Plutôt que de chercher à maladroitement définir un album qui échappe à toute classification comme à la moindre tentative analytique, nous avons proposé à Jean-Louis Prades Imagho une sélection de chansons à commenter, cela afin de mieux comprendre les origines de « Meandres » et l’ahurissant travail sonore ici mis en œuvre, également pour revisiter le parcours de son auteur (des années metal jusqu’à la découverte du post-rock) et sonder ses goûts musicaux ainsi que ses réticences. Avec générosité, méticulosité et disponibilité, c’est peu dire qu’Imagho a répondu à toutes nos attentes…

ADA : Mark Hollis – « A Life (1895 – 1915) »

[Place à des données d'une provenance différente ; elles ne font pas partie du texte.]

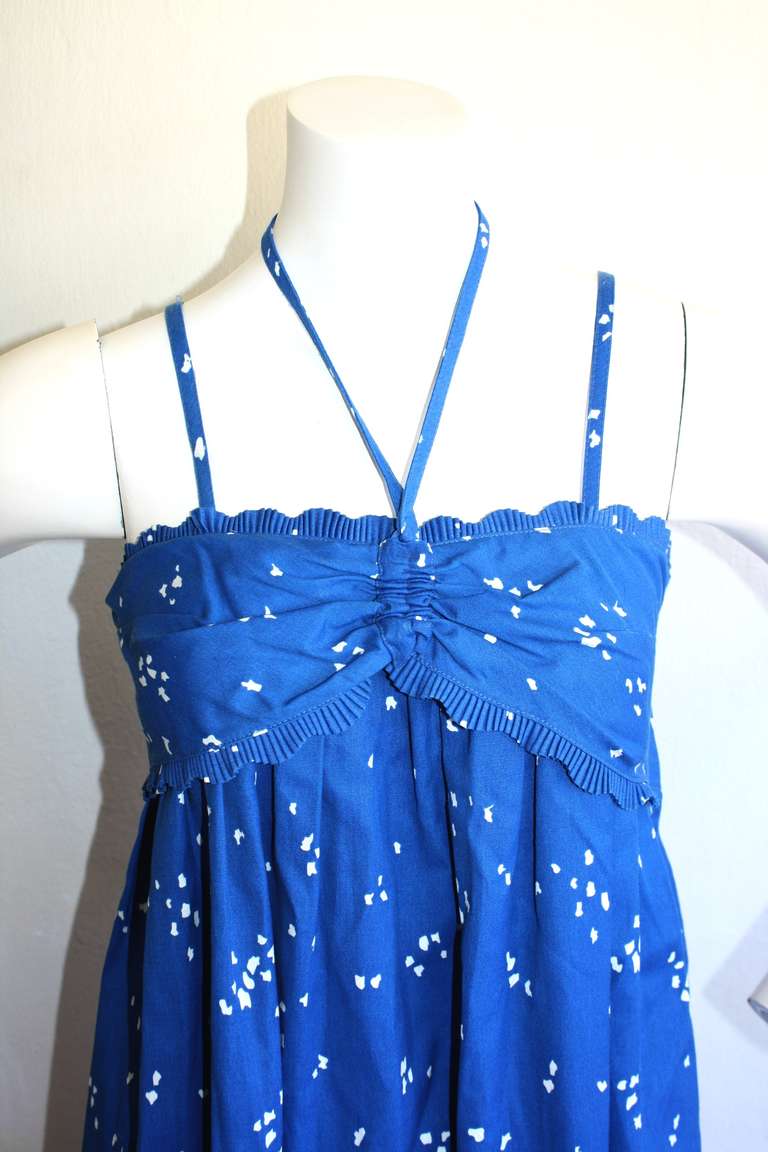 Beautiful vintage 1970s Bill Tice hand painted dress. Shelf bust, spaghetti straps, and adjustable halter ties. Features pockets on either side of waist. Scallop detail at bust. Approx. Size small-medium, with free waist, and free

Imagho : Je fais partie de ces gens, nombreux, qui ont vécu comme une révélation l’arrivée de « Spirit Of Eden ». J’adore également « Laughing Stock », ces deux disques ont changé mes attentes en matière de musique rock… Mais je crois que je préfère encore le disque de Mark Hollis. Je suis passé par le jazz et j’écoute également beaucoup de musique orchestrale moderne (Debussy, Ravel, Dutilleux…). J’entends très souvent des groupes pop et rock utiliser les instruments du jazz et du classique (cordes, cuivres, bois, contrebasse) et sonner malgré tout comme des groupes pop/rock ; l’apport de ces instruments étant limité à des couleurs, comme une parure, voire un déguisement. Ici, on sent que ces instruments sont au cœur de la musique, ce n’est pas plaqué, il y a de l’air, de l’espace, les vents et cordes ne sont pas des petits plus pour donner un coté classieux à une musique qui resterait banale. La production de ce disque est une référence pour moi. Je ne l’ai pas consciemment eu à l’esprit au moment de produire « Meandres », mais je comprends pourquoi à son écoute tu as pensé à Mark Hollis. Sans le vouloir je suis venu un peu sur les mêmes terres, avec la même dynamique, les mêmes sonorités, toutes proportions gardées bien entendu…

ADA : Hood – « September Brings The Autumn Down »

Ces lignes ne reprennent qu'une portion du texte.